GSoC Idea: per-process filesystem namespaces for FreeBSD

Theron Tarigo theron.tarigo at gmail.com
Wed Mar 14 00:16:50 UTC 2018


On 03/13/18 18:23, Bakul Shah wrote:
> Plan9 has no root (superuser) or setuid.  You can mangle
> anything in your namespace but it affects only *your* own
> process and its future descendents.
>
> The following paper on Plan9 authentication in Linux may be
> worth reading:
>      https://static.googleusercontent.com/media/research.google.com/en//pubs/archive/34433.pdf
>
> While I have wanted per-process namespace in BSD for a long
> time, I agree with Konstantin this is a non-trivial project.
> Even if the design was fully fleshed out, implementing it
> would likely take longer than 12 weeks.
Although it would limit the usefulness of it, ignoring any and all file 
suid bits for any process with a non-empty mount table should in theory 
prevent exploitation of setuid.  Allowing safe setuid in combination 
with ("trusted" ?) namespaces would be something to add support for much 
later if someone decides it would be useful.

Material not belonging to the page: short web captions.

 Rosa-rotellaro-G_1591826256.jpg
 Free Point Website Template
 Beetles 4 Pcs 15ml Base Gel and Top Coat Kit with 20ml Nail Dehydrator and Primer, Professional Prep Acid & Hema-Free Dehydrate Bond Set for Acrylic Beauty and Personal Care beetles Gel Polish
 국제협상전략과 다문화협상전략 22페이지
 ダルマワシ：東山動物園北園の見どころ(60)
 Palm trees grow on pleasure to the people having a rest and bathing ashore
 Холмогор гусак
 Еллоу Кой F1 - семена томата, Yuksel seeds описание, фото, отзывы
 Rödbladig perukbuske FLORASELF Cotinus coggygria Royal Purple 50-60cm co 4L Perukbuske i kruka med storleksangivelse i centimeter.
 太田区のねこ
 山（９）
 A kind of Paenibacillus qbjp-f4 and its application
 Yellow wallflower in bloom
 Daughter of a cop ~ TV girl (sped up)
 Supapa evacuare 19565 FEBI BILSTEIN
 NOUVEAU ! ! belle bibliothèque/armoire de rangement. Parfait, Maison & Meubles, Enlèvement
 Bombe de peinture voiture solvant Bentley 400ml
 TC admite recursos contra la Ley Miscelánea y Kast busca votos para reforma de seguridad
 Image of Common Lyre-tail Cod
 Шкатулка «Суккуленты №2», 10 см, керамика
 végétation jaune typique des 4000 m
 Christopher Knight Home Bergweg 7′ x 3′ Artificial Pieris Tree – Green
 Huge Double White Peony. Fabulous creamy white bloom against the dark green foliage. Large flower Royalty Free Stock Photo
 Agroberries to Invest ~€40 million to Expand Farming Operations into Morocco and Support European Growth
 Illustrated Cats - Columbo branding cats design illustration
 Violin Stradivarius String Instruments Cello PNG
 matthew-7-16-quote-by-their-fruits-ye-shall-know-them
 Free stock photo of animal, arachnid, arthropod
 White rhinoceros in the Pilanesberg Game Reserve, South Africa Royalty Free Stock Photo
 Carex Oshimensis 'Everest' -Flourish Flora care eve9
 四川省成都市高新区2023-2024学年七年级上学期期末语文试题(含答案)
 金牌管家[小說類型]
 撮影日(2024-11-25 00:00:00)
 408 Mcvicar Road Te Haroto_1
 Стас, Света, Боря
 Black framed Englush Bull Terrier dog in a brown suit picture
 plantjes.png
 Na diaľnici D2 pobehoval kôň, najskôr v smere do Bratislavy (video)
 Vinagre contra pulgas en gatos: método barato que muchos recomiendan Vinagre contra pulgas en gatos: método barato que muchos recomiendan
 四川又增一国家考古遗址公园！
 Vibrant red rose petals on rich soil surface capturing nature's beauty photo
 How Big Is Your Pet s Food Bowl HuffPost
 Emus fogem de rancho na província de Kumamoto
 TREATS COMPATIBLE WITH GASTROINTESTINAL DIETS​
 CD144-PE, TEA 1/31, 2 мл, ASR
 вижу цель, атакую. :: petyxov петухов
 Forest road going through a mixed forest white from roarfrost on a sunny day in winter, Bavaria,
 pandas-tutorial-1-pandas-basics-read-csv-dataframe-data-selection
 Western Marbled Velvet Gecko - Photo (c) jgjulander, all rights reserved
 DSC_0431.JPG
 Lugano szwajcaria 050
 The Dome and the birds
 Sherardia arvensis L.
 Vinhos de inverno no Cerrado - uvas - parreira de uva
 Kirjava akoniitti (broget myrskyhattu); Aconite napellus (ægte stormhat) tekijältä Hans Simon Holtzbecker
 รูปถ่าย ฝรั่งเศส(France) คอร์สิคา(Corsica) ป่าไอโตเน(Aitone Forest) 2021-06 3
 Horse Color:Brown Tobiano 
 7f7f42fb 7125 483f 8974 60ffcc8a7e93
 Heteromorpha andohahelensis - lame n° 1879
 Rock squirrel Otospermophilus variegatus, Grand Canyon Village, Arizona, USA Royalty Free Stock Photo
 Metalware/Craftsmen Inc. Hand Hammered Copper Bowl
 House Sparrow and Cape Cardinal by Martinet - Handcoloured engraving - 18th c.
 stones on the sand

By focusing on a narrowed case, that of allowing an unprivileged process 
to alter its view into the vfs in a way which is only preserved through 
execve() in specific safe circumstances, I hoped to avoid the 
insurmountable complexity of implementing the feature in the full 
generality that is available on Plan9.

On 03/13/18 18:31, Mark Saad wrote:
>  A kind of related task; FreeBSD could benefit from : Fixing  and 
> improving unionfs / nullfs. There are some weird issues with the 
> current unionfs and while it works in many cases there are some edge 
> cases where the comments are something like “ FreeBSD needs a proper 
> stacking vfs ...”   the examples I can think of ; imagine you have a 
> jail , chroot or even a Pxe booted system where you want a a read only 
> null mount from the hosts /bin to the targets /bin . Now expand that 
> to most of the base system and the mount tmpfs’s for /tep /var/log 
> etc.  most of that works but try to unmount it in the wrong order or 
> thrash a unionfs with lots of writes ,on top of a tmpfs and things 
> break .
> So to be clear the project would be to better document the various 
> uses of unionfs and nullfs that work , for the ones that do not diving 
> into the stacking vfs and seeing if it could be implemented and if it 
> would help .
>
Using nullfs / unionfs in combination with chroot could be made 
functionally equivalent to per-process namespace, but would have the 
very same security problems as already discussed (as any chroot have) so 
configuring such environments would be available only to superuser.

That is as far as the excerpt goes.